Сближается он с ними быстро, но так же быстро и расходится: они ему надоедают. Про себя он решил давно, что женится!) двадцать восемь лет и непременно на своей деревенской. Он уверен, что мать уж присмотрела ему двух-трех невест, что все они хороши: здоровы, красивы, из хороших семей, где нет ни пьяниц, ни придурков в роду. Так женились его отец и дед, его старшие братья и соседи, так женится и он.

После коньяка Василий быстро пьянеет, громко хохочет, громко говорит, обращаясь ко всем без разбору: к соседям, к проводникам, к старым и молодым.

— Мамаша! — говорит он. — Вы, конечно, меня извините… Извините! Я — как стеклышко! Ну выпил, правда… А разве есть такой закон, чтобы не пить? Кто я? Строитель! Да? Мамаша! Меня в Москву звали — полторы сотни оклад, да? А я у себя в командировках больше заработаю, да? Не веришь, мамаша?

И он невнятно толкует о заработках, о каких-то инженерах, презирая их дипломы и образование, презирая вообще культуру, выше всего ставя опыт, хвастаясь своей необходимостью.

В соседнем купе начинают играть в подкидного. Василий идет туда, тоже садится, но играет плохо, путает ходы, роняет карты и все говорит, с восторгом вспоминая какого-то однорукого, как он с ним играл и как однорукий ловко сдавал карты и помнил все ходы.

В вагон входит чернявый полненький человек в белом халате, с розовым гладким лицом, с золотыми зубами и маслянистым блеском глаз. Он останавливается в вагоне посередине прохода и говорит звучным, сытым баритоном, быстро всех оглядывая и быстро улыбаясь заученной золотой холодной улыбкой, портящей его сытое красивое лицо.

— Дорогие товарищи! Наш ресторан к вашим услугам! Что? Перебивать будете потом! Холодные и горячие закуски! Большой ассортимент вин…

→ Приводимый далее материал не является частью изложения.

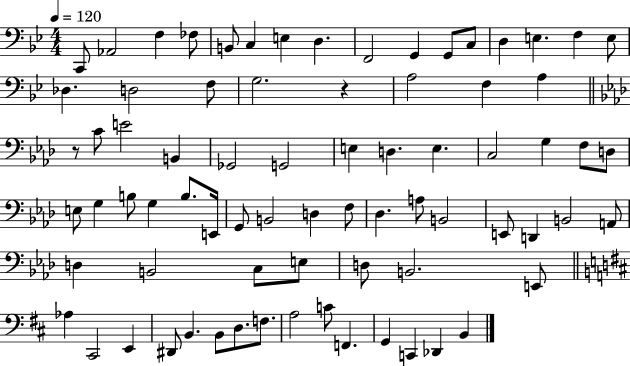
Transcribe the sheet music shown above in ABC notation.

X:1
T:Untitled
M:4/4
L:1/4
K:Bb
C,,/2 _A,,2 F, _F,/2 B,,/2 C, E, D, F,,2 G,, G,,/2 C,/2 D, E, F, E,/2 _D, D,2 F,/2 G,2 z A,2 F, A, z/2 C/2 E2 B,, _G,,2 G,,2 E, D, E, C,2 G, F,/2 D,/2 E,/2 G, B,/2 G, B,/2 E,,/4 G,,/2 B,,2 D, F,/2 _D, A,/2 B,,2 E,,/2 D,, B,,2 A,,/2 D, B,,2 C,/2 E,/2 D,/2 B,,2 E,,/2 _A, ^C,,2 E,, ^D,,/2 B,, B,,/2 D,/2 F,/2 A,2 C/2 F,, G,, C,, _D,, B,,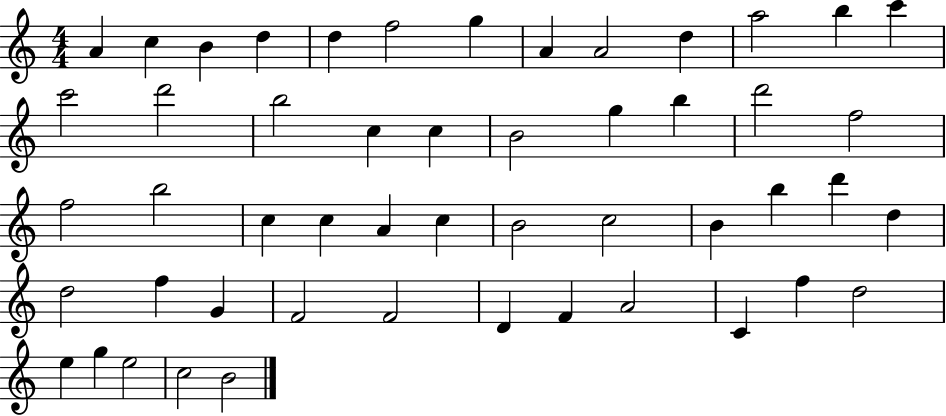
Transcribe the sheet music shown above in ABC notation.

X:1
T:Untitled
M:4/4
L:1/4
K:C
A c B d d f2 g A A2 d a2 b c' c'2 d'2 b2 c c B2 g b d'2 f2 f2 b2 c c A c B2 c2 B b d' d d2 f G F2 F2 D F A2 C f d2 e g e2 c2 B2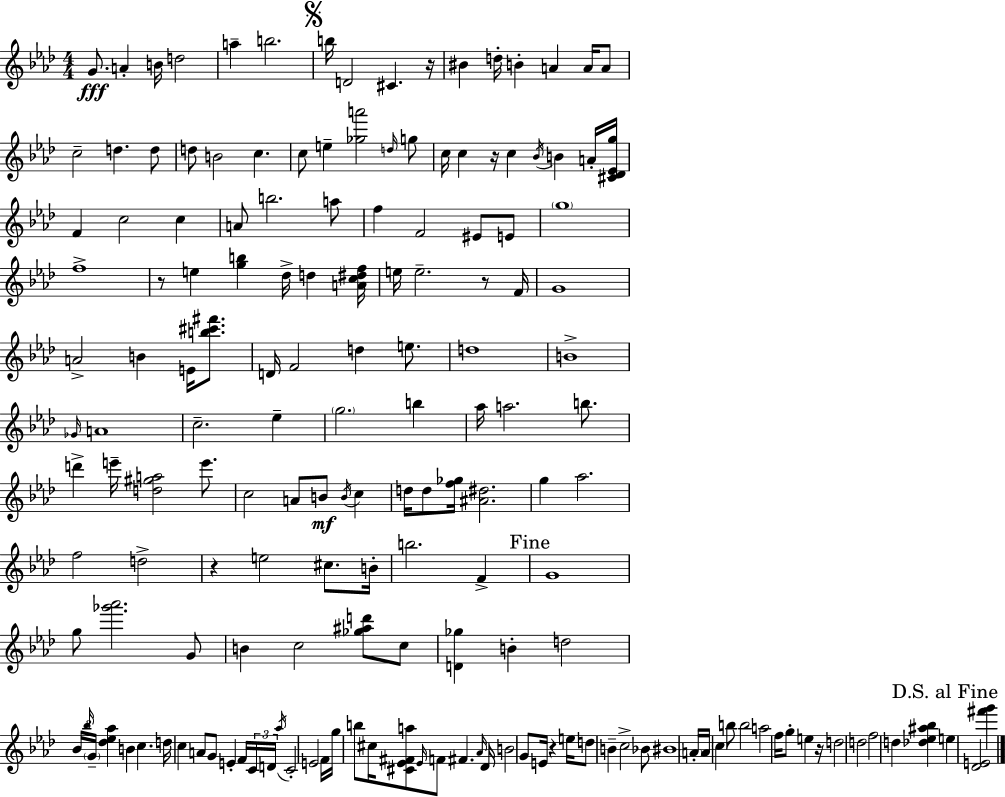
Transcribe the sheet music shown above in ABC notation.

X:1
T:Untitled
M:4/4
L:1/4
K:Ab
G/2 A B/4 d2 a b2 b/4 D2 ^C z/4 ^B d/4 B A A/4 A/2 c2 d d/2 d/2 B2 c c/2 e [_ga']2 d/4 g/2 c/4 c z/4 c _B/4 B A/4 [^C_D_Eg]/4 F c2 c A/2 b2 a/2 f F2 ^E/2 E/2 g4 f4 z/2 e [gb] _d/4 d [Ac^df]/4 e/4 e2 z/2 F/4 G4 A2 B E/4 [b^c'^f']/2 D/4 F2 d e/2 d4 B4 _G/4 A4 c2 _e g2 b _a/4 a2 b/2 d' e'/4 [d^ga]2 e'/2 c2 A/2 B/2 B/4 c d/4 d/2 [f_g]/4 [^A^d]2 g _a2 f2 d2 z e2 ^c/2 B/4 b2 F G4 g/2 [_g'_a']2 G/2 B c2 [_g^ad']/2 c/2 [D_g] B d2 _B/4 _b/4 G/4 [_d_e_a] B c d/4 c A/2 G/2 E F/4 C/4 D/4 _a/4 C2 E2 F/4 g/4 b/2 ^c/4 [^C_E^Fa]/2 _E/4 F/2 ^F _A/4 _D/4 B2 G/2 E/4 z e/4 d/2 B c2 _B/2 ^B4 A/4 A/4 c b/2 b2 a2 f/4 g/2 e z/4 d2 d2 f2 d [_d_e^a_b] e [_DE]2 [^f'g']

Встрепенувшись Василий Панков тотчас идет в вагон-ресторан, качаясь на переходных площадках, не закрывая за собой дверь, толкая пассажиров. В ресторане он опять пьет коньяк, еще больше пьянеет, знакомится с кем-то из другого вагона, идет с ним туда, приглашает его к себе в деревню, всех перебивает, пытается что-то рассказать, хочет казаться умнее, образованнее, чем на самом деле, но пьяная глупая серость так и прет из него.

Часа через два он возвращается в свой вагон, присаживается к шахматистам, подсказывает, мешает им, потом играет сам. Утомив и выведя из себя партнера, он начинает ходить по вагону.

— Ну, с кем сыграть? — громко предлагает он. — На сто пятьдесят грамм! Даю форы: ладью… Ну? Кто желает?

Никто не хочет с ним играть.

— Никто не желает? Слабаки вы все против меня! Эй, курчавый! — обращается он к совершенно плешивому толстяку. — Сыграем, курчавый, тебе я две ладьи уступлю, а?

Тот отворачивается к окну, делает вид, что не слышит. Шея его наливается кровью.

— Седой, а? — не унимается Василий. — На двести пятьдесят, а? Не желаешь? Обиделся, седой, а? Извините… Извините!

Какая-то девушка, которой Василий нравится, не выдерживает и прыскает. Приободренный Василий, чувствуя, что все обращают на него внимание, начинает еще пуще ломаться, ему весело, ему кажется, что он ужасно остроумен. Он каламбурит, говорит присказками, поговорками, — дорожными, стертыми и пошлыми.

Наконец он все-таки устает, замолкает и скоро засыпает на своей полке. Спит он, свесив руку, раскрыв рот, пуская слюну на подушку и громко всхрапывая.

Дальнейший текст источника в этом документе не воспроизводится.